During Advent, the lectionary reminds us of the prophetic message of justice for God’s people and restoration of the land. As the UN Framework Convention on Climate Change met in Cancun during Advent, there was some progress made, including establishment of a Green Fund  to help developing countries deal with the effects of climate change, and agreement on the frameworks for taking on the big question of how to reduce world-wide emissions of greenhouse gases. The lack of progress at Copenhagen a year ago coupled with the low expectations for the Cancun meeting led many to assess the meeting as a success.

Doing something is preferable to doing nothing, and making progress is something to celebrate, but it isn’t necessarily justice, especially not justice as described by the prophets. What counts as a success in the political world, or what we might see as a success because it gives some small glimmer of hope in the darkness, isn’t success by the standards of the prophets.

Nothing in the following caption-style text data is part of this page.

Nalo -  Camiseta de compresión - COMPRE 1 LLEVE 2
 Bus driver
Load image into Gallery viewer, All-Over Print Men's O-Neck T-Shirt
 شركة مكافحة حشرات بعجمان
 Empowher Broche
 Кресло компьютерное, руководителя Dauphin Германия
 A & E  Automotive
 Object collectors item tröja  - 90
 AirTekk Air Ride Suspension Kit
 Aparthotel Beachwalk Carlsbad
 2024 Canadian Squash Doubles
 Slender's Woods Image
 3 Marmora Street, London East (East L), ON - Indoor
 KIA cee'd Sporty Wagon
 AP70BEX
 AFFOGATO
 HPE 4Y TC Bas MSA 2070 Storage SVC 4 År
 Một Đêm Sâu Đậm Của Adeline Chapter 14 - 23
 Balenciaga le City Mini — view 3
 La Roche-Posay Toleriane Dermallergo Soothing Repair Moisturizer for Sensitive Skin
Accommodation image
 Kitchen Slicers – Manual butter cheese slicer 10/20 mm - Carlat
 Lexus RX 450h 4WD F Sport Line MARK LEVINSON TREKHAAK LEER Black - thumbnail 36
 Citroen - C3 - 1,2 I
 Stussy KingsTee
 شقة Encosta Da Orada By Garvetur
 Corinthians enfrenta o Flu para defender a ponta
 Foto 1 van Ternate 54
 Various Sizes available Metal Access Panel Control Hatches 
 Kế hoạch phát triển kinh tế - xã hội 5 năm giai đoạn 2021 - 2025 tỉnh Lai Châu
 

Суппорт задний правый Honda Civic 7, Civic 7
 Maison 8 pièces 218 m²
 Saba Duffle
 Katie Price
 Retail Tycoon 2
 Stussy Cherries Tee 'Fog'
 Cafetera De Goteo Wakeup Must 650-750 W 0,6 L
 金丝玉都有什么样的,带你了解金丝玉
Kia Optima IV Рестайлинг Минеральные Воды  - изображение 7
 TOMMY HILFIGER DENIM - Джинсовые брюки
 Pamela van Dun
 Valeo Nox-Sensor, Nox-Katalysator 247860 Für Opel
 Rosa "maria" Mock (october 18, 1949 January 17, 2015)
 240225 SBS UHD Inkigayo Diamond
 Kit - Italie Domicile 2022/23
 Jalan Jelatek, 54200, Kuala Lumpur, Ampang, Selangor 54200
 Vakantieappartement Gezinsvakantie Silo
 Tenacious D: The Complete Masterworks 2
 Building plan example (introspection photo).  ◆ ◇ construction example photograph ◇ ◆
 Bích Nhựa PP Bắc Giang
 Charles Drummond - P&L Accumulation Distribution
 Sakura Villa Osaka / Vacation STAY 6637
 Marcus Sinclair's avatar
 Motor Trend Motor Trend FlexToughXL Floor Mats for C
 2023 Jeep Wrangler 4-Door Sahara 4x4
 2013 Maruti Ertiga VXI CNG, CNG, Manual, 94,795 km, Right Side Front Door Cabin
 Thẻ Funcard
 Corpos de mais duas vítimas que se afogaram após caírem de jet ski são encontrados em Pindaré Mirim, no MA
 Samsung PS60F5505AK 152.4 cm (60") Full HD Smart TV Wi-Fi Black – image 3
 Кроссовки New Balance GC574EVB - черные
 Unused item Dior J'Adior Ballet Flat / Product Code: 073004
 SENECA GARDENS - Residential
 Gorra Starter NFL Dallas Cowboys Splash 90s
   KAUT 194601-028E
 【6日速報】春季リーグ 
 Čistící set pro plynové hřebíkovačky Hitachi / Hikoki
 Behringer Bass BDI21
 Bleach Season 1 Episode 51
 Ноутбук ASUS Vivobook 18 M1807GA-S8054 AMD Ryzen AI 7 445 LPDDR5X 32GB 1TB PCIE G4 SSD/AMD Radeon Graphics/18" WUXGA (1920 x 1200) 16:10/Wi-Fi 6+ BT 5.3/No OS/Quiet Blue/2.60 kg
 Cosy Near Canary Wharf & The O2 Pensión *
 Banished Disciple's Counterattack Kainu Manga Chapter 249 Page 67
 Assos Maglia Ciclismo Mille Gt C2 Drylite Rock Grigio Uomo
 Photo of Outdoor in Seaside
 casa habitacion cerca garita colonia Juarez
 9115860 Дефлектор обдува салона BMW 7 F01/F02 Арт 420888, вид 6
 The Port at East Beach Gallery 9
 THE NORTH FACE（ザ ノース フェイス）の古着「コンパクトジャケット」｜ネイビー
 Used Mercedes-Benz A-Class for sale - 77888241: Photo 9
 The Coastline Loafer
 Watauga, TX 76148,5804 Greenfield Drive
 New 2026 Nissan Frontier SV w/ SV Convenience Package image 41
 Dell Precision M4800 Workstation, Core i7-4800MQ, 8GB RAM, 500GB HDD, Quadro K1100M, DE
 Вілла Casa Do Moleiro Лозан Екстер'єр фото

Perhaps no convention or treaty or political action can accomplish what the prophets call us to do: change our behavior so deeply that the earth, worn down like the poor by our greed and selfishness, can be renewed and restored.  These sorts of deep changes have an essential spiritual component that only our most profound traditions provide. These sorts of deep changes are embedded in the story of the birth of Jesus, the story we prepare to celebrate this week. If we stop and listen to Matthew’s account of the birth, letting the story really sink in, we may find our hearts prepared to embrace those deep changes with gladness. We may find Good News, a story of new life coming into the world on a very deep level.